Four individuals – three councillors and an official at South Tyneside Council – subpoenaed Twitter in a Californian court, where the company is based, in a bid to reveal who was behind an anonymous whistle-blowing blog called Mr Monkey.
The action, believed to be the first case brought by British claimants, is itself contentious because the council involved has paid for the legal proceedings for the individuals and has already cost taxpayers more than £70,000.
The implications for Twitter, which will have to spend time and money researching the orders while it faces a continuous barrage of privacy questions, are significant. The users in question could now face legal action as well as being identified.
The Sunday Telegraph reported that the Superior Court of California had granted the order, which forces the company to release contact details, location information and computer addresses of the individuals behind four accounts believed to be linked to the Mr Monkey blog.
Ahmed Khan, an independent councillor, has admitted to being the owner of one of the accounts but said he was not the author of Mr Monkey.
Mr Khan, who in April was told that a request had been lodged relating to his account, said: "I don't fully understand it but it all relates to my Twitter account and it not only breaches my human rights, but it potentially breaches the human rights of anyone who has ever sent me a message on Twitter. This is Orwellian. It is like something out of 1984."
Media lawyer Mark Stephens, who represented WikiLeaks' founder Julian Assange when the US government tried to obtain his Twitter details, said those running websites criticising corporations or even regimes could be affected.
He said: "There is a possibility those running anti-government or company websites will be targeted. These law actions can be taken by anyone, corporations, totalitarian regimes for example. We need to seriously think what this could mean for people trying to expose wrongdoings."
One person who could benefit from the ruling is Manchester United footballer Ryan Giggs, who could potentially use a similar order to force the release of details of some 75,000 Twitter users who named him as the holder of a super-injunction.
John Hemming MP used parliamentary privilege to name Giggs publicly, but the player – who was attempting to conceal an alleged affair with former Big Brother contestant Imogen Thomas – has pursued Twitter through the UK courts to obtain the individuals' details.

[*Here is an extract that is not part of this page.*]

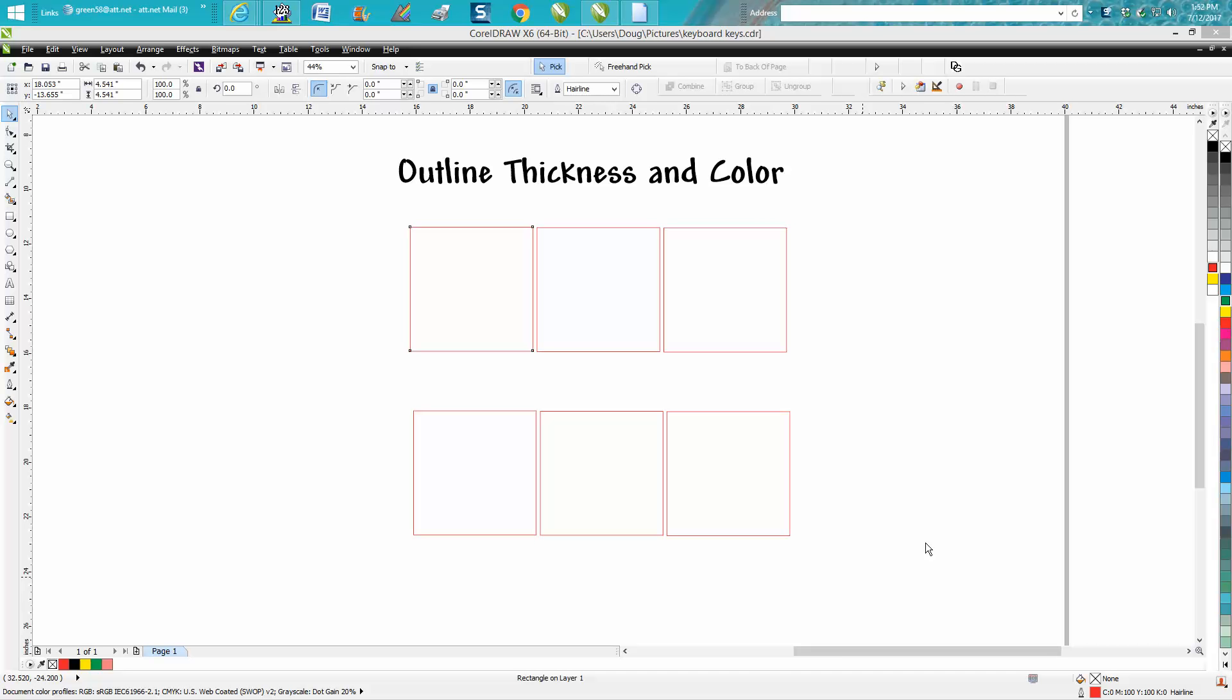Hi, it's me again with CorelDraw Tips and Tricks. Somebody emailed me earlier today wanting to know how to change the thickness of their boxes, like the outline of the boxes. Well, there's no straight answer for that because there's at least three ways to do it.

The deadline for the UK court order passed on Friday, apparently without Twitter responding, and it has no legal status in the US. "Giggs could have done this weeks ago," Mr Stephens said. "In commercial litigation, where the principles are established, you quite often begin proceedings in another country to aid proceedings in the main jurisdiction you are fighting it."
One reason Giggs might not have gone to the US initially was because the subpoena would have revealed his identity. Mr Stephens added: "Privacy tourism has begun, there is no doubt about that."
South Tyneside Council has been criticised for pursuing the legal case, but a spokesman said it "had a duty of care to protect its employees", adding that the current legal costs amounted to "less than £75,000".